Two gay men were sentenced to 82 whips by the Shariah Court in Banda Aceh, Indonesia on May 23, 2017.  Aceh is the only province in Indonesia that enforces Islamic law.

© 2017 Sipa via AP Images

Indonesian President Joko “Jokowi” Widodo’s government took small steps in 2017 to protect the rights of some of Indonesia’s most vulnerable people. In September, the Attorney General’s Office announced that it had rescinded a job notice that not only barred lesbian, gay, bisexual, and transgender (LGBT) applicants, but suggested homosexuality was a “mental illness.” The government also quietly reduced its population of Papuan political prisoners from 37 in August 2016 to between one and five in August 2017.

But the Jokowi government has consistently failed to translate the president’s rhetorical support for human rights into meaningful policy initiatives. Religious minorities continue to face harassment, intimidation from government authorities, and threats of violence from militant Islamists. Authorities continue to arrest, prosecute, and imprison people under Indonesia’s abusive blasphemy law. Papuan and Moluccan political prisoners remain behind bars for nonviolent expression. And Indonesian security forces continue to pay little price for committing abuses, including unlawful killings of Papuans.

The government’s acquiescence in 2017 to generals and powerful thugs who seek to stifle discussion of the army-led 1965-66 massacres made Jokowi’s promised reconciliation mechanism for those atrocities appear increasingly unlikely. Jokowi and senior police generals also advocated adopting Philippine President Rodrigo Duterte’s approach to suspected drug users and dealers: shoot-to-kill orders that have been accompanied in the Philippines by more than 12,000 summary executions of suspects.

Following a 2016 deluge of government-driven anti-LGBT rhetoric, authorities in 2017 continued to target private gatherings and LGBT individuals—a serious threat to privacy and public health initiatives in the country.

Freedom of Religion

In March, a Jakarta court handed down five-year prison terms for blasphemy to two leaders of the Gerakan Fajar Nusantara (Gafatar) religious community, founder Ahmad Moshaddeq and president Mahful Muis Tumanurung; the group’s vice-president, Andry Cahya, received a three-year sentence.

On May 9, a Jakarta court sentenced former Jakarta governor Basuki “Ahok” Purnama, a Christian, to a two-year prison sentence for blasphemy against Islam. That conviction followed the success of Islamist militant groups in making his blasphemy prosecution a centerpiece of efforts to defeat him in Jakarta’s gubernatorial election in April 2017.
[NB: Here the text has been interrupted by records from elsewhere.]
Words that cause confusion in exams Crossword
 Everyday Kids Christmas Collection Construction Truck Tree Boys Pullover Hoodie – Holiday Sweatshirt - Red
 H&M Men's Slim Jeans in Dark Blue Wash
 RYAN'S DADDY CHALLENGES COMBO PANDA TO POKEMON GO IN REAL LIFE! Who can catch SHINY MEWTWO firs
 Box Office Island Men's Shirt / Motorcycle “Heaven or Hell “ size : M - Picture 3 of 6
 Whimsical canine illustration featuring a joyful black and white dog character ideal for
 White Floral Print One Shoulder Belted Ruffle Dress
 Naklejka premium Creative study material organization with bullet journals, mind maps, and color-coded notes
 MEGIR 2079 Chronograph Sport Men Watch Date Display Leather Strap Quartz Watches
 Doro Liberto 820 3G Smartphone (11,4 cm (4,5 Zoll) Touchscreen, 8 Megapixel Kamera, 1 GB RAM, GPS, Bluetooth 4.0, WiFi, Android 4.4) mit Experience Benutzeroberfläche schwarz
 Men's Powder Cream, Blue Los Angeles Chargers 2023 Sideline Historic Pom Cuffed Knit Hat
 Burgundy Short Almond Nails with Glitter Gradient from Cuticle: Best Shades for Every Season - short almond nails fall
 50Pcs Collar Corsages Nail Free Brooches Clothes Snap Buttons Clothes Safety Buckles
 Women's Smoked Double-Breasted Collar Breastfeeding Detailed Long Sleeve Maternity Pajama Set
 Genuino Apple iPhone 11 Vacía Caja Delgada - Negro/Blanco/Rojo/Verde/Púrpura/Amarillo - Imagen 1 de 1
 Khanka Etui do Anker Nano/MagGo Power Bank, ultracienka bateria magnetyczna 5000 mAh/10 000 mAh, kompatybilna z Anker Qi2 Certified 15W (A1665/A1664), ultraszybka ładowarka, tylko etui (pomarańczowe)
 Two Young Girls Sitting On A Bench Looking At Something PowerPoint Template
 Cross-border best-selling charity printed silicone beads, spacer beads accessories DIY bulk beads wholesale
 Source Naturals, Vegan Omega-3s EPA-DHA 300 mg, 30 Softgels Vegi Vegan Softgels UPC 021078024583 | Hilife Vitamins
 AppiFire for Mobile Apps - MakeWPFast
On August 21, Siti Aisyah, the owner of an Islamic school in Mataram, Lombok Island, was sentenced to 30 months in prison on blasphemy for “strange teachings.” In August, municipal governments in Java took steps to effectively shut down two mosques that espoused the ultra-conservative Wahabhi strain of Islam—Al Arqom mosque in Pekalongan and the Ahmad bin Hanbal mosque in Bogor—due to concerns that they could fuel “social turmoil.”

In a landmark ruling in November, the Constitutional Court struck down a law prohibiting adherents of native faiths from listing their religion on official identification cards. The ruling will help protect adherents of more than 240 such religions from prosecution under Indonesia’s dangerously ambiguous blasphemy law.

In early 2017, the Ministry of Religious Affairs drafted a religious rights bill that would further entrench the blasphemy law as well as government decrees making it difficult for religious minorities to obtain permits to construct houses of worship. The draft law, still pending at time of writing, would also impose excessively narrow criteria for a religion to receive state recognition.

Freedom of Expression and Association

On April 5, the Constitutional Court ruled that the central government could no longer repeal local Sharia (Islamic law) ordinances adopted by local governments in Indonesia. It deprived the Home Ministry of the power to abolish ordinances that threaten universal rights to freedom of expression and association and violate the rights of women and LGBT people.

On July 12, President Jokowi issued a decree amending the law that regulates nongovernmental organizations, enabling the government to fast-track the banning of groups it considers “against Pancasila or promoting communism or advocating separatism.” Pancasila, or “five principles,” is Indonesia’s official state philosophy. Days later the government used the decree to ban Hizbut ut-Tahrir, a conservative Islamist group that supports the creation of a Sharia-based Islamic caliphate.

Women’s and Girls’ Rights

Indonesia's official Commission on Violence against Women reports that there are hundreds of discriminatory national and local regulations targeting women. They include local laws compelling women and girls to don the jilbab, or headscarf, in schools, government offices, and public spaces.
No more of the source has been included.